A first 'stable' redaction of the work is dated between 1237 and 1240 (as to say, in the period when Thomas is located at the Dominica studium in Paris) and it's structured into nineteen books. Later, anyway, the author himself deeply revises the text, adding many interpolations to it: this second redaction of De natura rerum, dated 1244, is organized into twenty book, of different topics:

===Outline===

- Book I: on human body's anatomy;
- Book II: on the soul;
- Book III: on the "monstrous men" of the East;
- Book IV: on quadrupeds animals;
- Book V: on birds;
- Book VI: on sea monsters;
- Book VII: on sea creatures;
- Book VIII: on snakes;
- Book IX: on worms;
- Book X: on common trees;
- Book XI: on aromatic and medicinal trees;
- Book XII: on aromatica and medicinal's trees properties;
- Book XIII: on sources;
- Book XIV: on precious stones;
- Book XV: on the seven metals;
- Book XVI: on the seven celestial regions;
- Book XVII: on the sphere and the seven planets;
- Book XVIII: on air motions;
- Book XIX: on the four elements;
- Book XX: on eclipses and sidereal motions.

==Sources==

Thomas of Cantimpré's De natura rerum depends on several sources, that include in primis the great philosopher Aristotle (a fundamental authority in the Middle Ages, particularly starting from XIII century) and two Latin authors, Pliny the Elder and Gaius Julius Solinus, respectively of the I and the III century. Other names shall be added to these three, for instance St. Ambrose and – coming chronologically closer to Thomas – also the one of Jacques de Vitry. Furthermore, the twentieth book (added in a second moment, as previously said), majorly comes from William of Conches's De philosophia mundi. In this work, Thomas himself also indicates an anonymous 'experimenter'. Apart from the few names easily identifiable, it's certain that Thomas of Cantimpré used a large number of different sources, that are not always easy to recognize.

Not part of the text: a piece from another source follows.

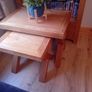 solid oak nest of  tables  X range Image 3
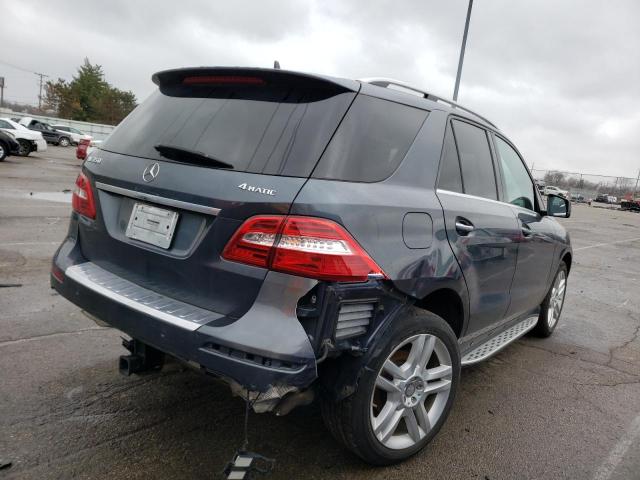 4JGDA5HB3EA426232 - 2014 MERCEDES-BENZ ML 350 4MATIC GRAY photo 3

==Reception and textual tradition==

As previously mentioned, the De natura rerum had a considerable fortune, especially during the Renaissance, when the text was frequently plagiarized, mostly for catalogs of animals, but also for catalogs of stones and monsters. Several vernacularizations and also a Dutch translation (Der Naturen Bloeme by Jacob van Maerlant) were realized. Furthermore, Conrad of Megenberg's Buch der Natur (1475) was also inspired by Thomas' De natura rerum.

Regarding the textual tradition, De natura rerum had a widespread diffusion, confirmed by the consistent number of codes that contain the text. However, to be more specific, between the hundred of manuscripts of the work, only a few (just two manuscripts) contain the whole work in its integrity, while the largest part of them has a shortened version: thus, the shorter the version of the De natura rerum, the larger diffusion it had.